Controlled open-label studies of similar design to the RECOVERY trial in Covid-19, which rapidly identified dexamethasone as an effective frontline therapy [60], can be undertaken on this set of generic drugs, benefiting from the additional evidence that one or more selected therapies is more likely to help the subset of patients who have those mechanisms’ disease signatures in their genetic makeup.

Secondly, we can use the insights into disease biology that are reflected by the reproducing disease signatures to construct a combinatorial risk score that evaluates an individual patient’s relative genetic susceptibility towards developing long COVID. Although genetic risk scores are not strictly diagnostic, especially in a pathogen triggered disease, they have substantial potential to be used by physicians for differential triage, i.e., to rapidly gauge the relative likelihood of different diagnoses when presented with ambiguous or indistinct symptoms and refer patients and/or select treatment options accordingly. As the utilization of large-scale COVID-19 testing fades, alternative tests that can help differentiate patients with long COVID from patients with other illnesses with similar symptoms will become increasingly useful in healthcare settings.

Constructing a combinatorial risk score from disease signatures is a more complex challenge than a conventional polygenic risk model—the latter assumes that all features (SNPs) act independently, whereas combinatorial disease signatures are often inherently correlated due to the sharing of SNP genotypes. Machine learning approaches can disentangle this complexity and non-independence and combine features such as disease signatures and their component SNP genotypes into a single predictive model. Although the small sample size of the AoU dataset is sufficient to train a combinatorial risk score using machine learning, a third (currently unavailable) independent dataset would be required to properly evaluate the relative increase in long COVID prevalence between subsets of patients flagged as having high and low genetic susceptibility.

Finally, the set of replicating disease signatures can be used to mechanistically stratify patients based on the causative etiologies most likely associated with their form of long COVID. This first entails assigning disease signatures to one or more mechanism-of-action (MoA) cluster(s) based on the gene(s) associated with the component SNP genotypes. We can then assess whether a patient has a significant excess or lack of disease signatures associated with a given MoA relative to the distribution of signature counts in the larger long COVID community. In essence, this mechanistic stratification tool is comprised of multiple combinatorial risk scores, each for a different set of mechanism related disease signatures. This can provide insight in the clinic into the selection of therapies that are matched to a patient’s personal genetic makeup.

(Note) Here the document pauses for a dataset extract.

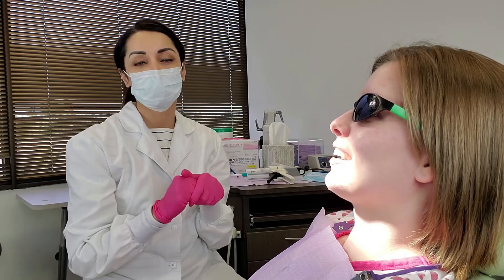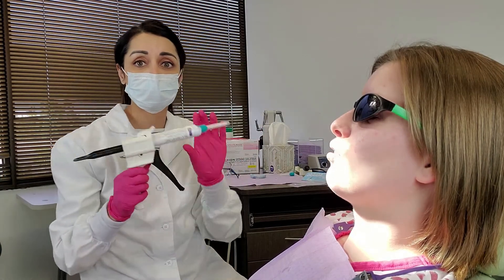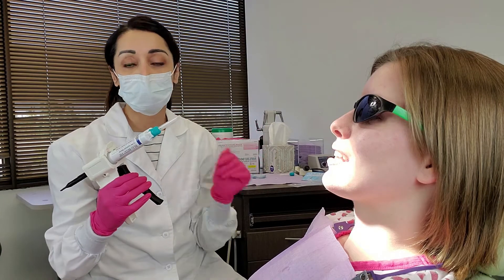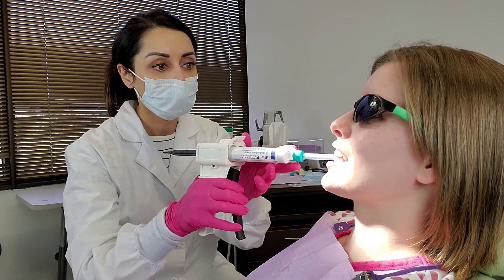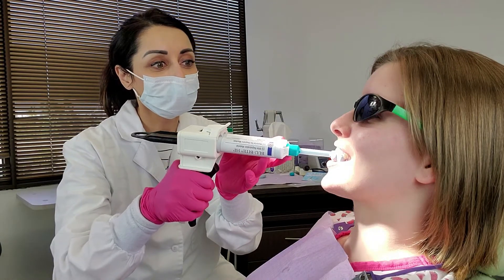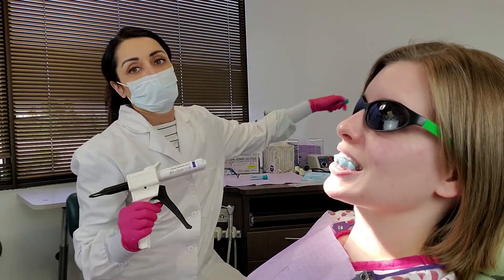Now 20 minutes has gone by, so we'll go ahead and take the first part of the bite. We do this in two steps. I'm using the blue bite registration material, and you definitely want to have two fresh tips for this part. We leave the Aqualizer in and insert the material, typically canine to canine, wherever the Aqualizer is not resting between the teeth. We'll let that set for about 40 seconds, and while it's setting I'll switch out the tip.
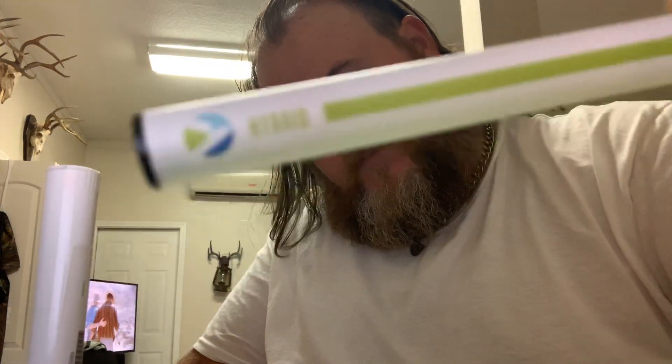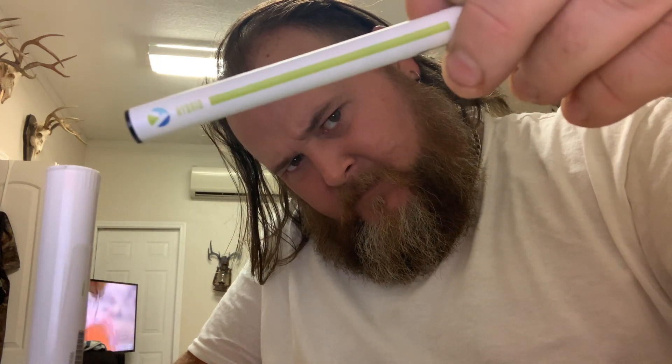This is the hybrid, and that's printed right on them — that's the good thing. Hybrid. So you can't mix them up. A lot of them have no label like that, so they're real easy to mix up.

Unlike standard risk scores, which can be used to inform public health applications but provides more limited utility for personalized precision medicine [61], a mechanistic stratification tool would potentially ultimately enable healthcare practitioners to identify individualized treatment regimens including single- or multi-drug therapies that are most likely to generate a positive outcome for a given patient. In the case of long COVID these mechanistic insights also have other potential applications, as the Taylor et al. (2023) combinatorial analysis also found evidence for substantial overlap in disease biology between long COVID and myalgic encephalitis/chronic fatigue syndrome (ME/CFS)30.